Pas très clair tout ça, tu pourrais faire une capture d'écran de la page Apple care et la poster ici, ce serait plus clair.


----------



## nickos_fr (23 Septembre 2020)

c’est simple quand je mets le numéro de série qui s’affiche sur mon iphone il me dit que le produit a deja été remplacé quand je rentre le numéro de série gravé sur les écouteurs sur le boîtier et la boîte j’ai les info comme quoi il sont sous garantie 
pour le firmware je suis sous ios 14 donc normal que je ne le trouvais pas dans general / informations ça a changé de place avec ios 14 il faut cliquer sur le i à droite  du nom dans bluetooth  mais il est en 0B896 et évidemment j’ai essayé de le laisser branché comme il disent mais ça bouge pas 
merci


----------



## IRONHIDE49 (24 Septembre 2020)

De 1: les écouteurs et l'IPhone ont juste rien à voir a ce niveau là.

De 2: le Bluetooth dans l'IPhone n'a rien à voir non plus, Il fait que tu prenne le numéro de série qui est dedans, et pas autre chose.

De 3: c'est quel modèle que tu as ? Acheté où ?

Et puis tu remarque vite si c'est un faux avec la qualité générale de l'appareil.


----------



## nickos_fr (24 Septembre 2020)

la qualité générale est excellente même le son est bon sauf la réduction de bruit qui ne fonctionne pas quand on l’active on peux bien switcher entre les 3 modes mais on ne perçoit aucune différence    je mettrai des photos mais a priori c’est une contrefaçon car je n’ai pas juste made in china en bas à droite de la boîte mais apple.
acheter sur le bon coin à une personne qui les avait reçu en cadeau mais en possédait déjà, j’avais vérifié le numéro de série il fonctionne au niveau de l’AppleCare  les numéros de série sont présents sur le boîtier chaque écouteurs et la boîte  mais une fois qu’on branche les écouteurs sur le iPhone le numéro de serie est différent
je n’ai évidemment pas les coordonnées du vendeur car nous avons communiqué via la messagerie de leboncoin par contre j’ai vu qu’il en met toujours en circulation je ne sais pas si je dois porter plainte auprès de la police  ou aller voir un Apple Store directement pour qu’il s’occupe de l’affaire.

l’annonce c’etait
AirPods Pro a vendre neuf , à récupérer sur place, cadeau sauf que j’en possède déjà donc je les vends à un prix largement raisonnable de 90€ pour m’en débarrasser rapidement.

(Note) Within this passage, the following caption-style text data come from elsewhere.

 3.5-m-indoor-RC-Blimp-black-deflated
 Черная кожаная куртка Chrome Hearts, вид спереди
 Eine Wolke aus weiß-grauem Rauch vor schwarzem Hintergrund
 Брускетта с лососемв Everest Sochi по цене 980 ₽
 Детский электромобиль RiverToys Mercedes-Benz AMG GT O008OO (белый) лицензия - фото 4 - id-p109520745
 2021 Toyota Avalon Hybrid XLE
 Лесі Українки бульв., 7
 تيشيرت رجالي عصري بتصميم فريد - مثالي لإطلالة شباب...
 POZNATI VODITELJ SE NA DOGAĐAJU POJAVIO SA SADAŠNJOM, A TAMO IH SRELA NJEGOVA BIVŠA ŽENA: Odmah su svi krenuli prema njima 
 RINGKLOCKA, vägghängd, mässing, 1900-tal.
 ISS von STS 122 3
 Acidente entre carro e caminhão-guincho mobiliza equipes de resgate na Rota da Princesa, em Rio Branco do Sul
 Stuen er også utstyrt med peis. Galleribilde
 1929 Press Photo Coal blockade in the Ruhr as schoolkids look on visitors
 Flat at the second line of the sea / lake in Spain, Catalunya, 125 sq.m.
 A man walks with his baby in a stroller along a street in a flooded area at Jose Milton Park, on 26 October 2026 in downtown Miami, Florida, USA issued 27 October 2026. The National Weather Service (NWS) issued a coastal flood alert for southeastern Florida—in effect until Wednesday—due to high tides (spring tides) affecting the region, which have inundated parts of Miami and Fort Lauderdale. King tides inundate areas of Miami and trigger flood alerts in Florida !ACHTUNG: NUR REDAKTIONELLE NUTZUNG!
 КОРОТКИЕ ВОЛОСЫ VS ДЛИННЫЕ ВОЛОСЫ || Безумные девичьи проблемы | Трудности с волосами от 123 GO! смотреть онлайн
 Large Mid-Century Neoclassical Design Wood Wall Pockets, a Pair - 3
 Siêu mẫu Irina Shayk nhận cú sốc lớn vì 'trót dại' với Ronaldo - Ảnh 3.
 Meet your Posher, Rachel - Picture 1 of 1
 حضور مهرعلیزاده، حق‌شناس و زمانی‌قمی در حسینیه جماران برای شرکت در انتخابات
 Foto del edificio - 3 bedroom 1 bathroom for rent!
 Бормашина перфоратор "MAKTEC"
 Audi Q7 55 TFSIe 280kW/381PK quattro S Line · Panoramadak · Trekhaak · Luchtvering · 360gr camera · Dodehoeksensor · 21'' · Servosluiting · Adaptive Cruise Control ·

Pas sérieux s’abstenir merci.


----------



## Sly54 (24 Septembre 2020)

nickos_fr a dit:


> acheter sur le bon coin à une personne qui les avait reçu en cadeau mais en possédait déjà


C'est sûr que ça pue un peu, surtout le "prix largement raisonnable"…
Tu n'as pas un Apple store ou autre APR proche de chez toi ?


----------



## nickos_fr (24 Septembre 2020)

jusqu'a maintenant j'ai toujours acheté mes produit apple d'occaz jamais eu de soucis  mais là.... je pensais pas que les copies étaient poussé à ce point :/
la personne faisait serieuse et le n° de serie ok
j'ai flouté le n de serie


----------



## nickos_fr (24 Septembre 2020)

normalement j'ai appris par la suite que sur les vrai au dos en bas à droite était juste marqué made in china








						Comment reconnaître des FAUX Airpods Pro ?
					

Vrai VS faux Airpods Pro : Les critères qui les différencient.Partage cette vidéo ! Et Abonne toi pour voir mes prochains tests Vrais Airpods Pro : http://...




					youtu.be


----------



## nickos_fr (24 Septembre 2020)

IRONHIDE49 a dit:


> De 1: les écouteurs et l'IPhone ont juste rien à voir a ce niveau là.
> 
> De 2: le Bluetooth dans l'IPhone n'a rien à voir non plus, Il fait que tu prenne le numéro de série qui est dedans, et pas autre chose.
> 
> ...



maintenant sous ios 14 le menu de reglage des airpods et le n de serie on y accede en touchant le nom des airpod dans bluetooth
sinon quand j'ouvre le boitier à coté du iphone j'ai bien la petite animation ect....


----------



## nickos_fr (29 Septembre 2020)

Bon bin fausse alerte ce devait etre des vrai en fait je ressort de l'applestore avec des tout nouveaux en remplacement


----------



## Sly54 (29 Septembre 2020)

nickos_fr a dit:


> Bon bin fausse alerte ce devait etre des vrai en fait je ressort de l'applestore avec des tout nouveaux en remplacement


Tant mieux pour toi alors


----------



## WaZzup (20 Octobre 2020)

Je suis exactement dans le même cas que toi. même version, même problème acheté également sur leboncoin.fr.
Comment as tu fait pour te faire échanger les écouteurs sachant que tu ne l'ais à pas acheté neuf en boutique?


----------



## Sly54 (20 Octobre 2020)

WaZzup a dit:


> Je suis exactement dans le même cas que toi. même version, même problème acheté également sur leboncoin.fr.
> Comment as tu fait pour te faire échanger les écouteurs sachant que tu ne l'ais à pas acheté neuf en boutique?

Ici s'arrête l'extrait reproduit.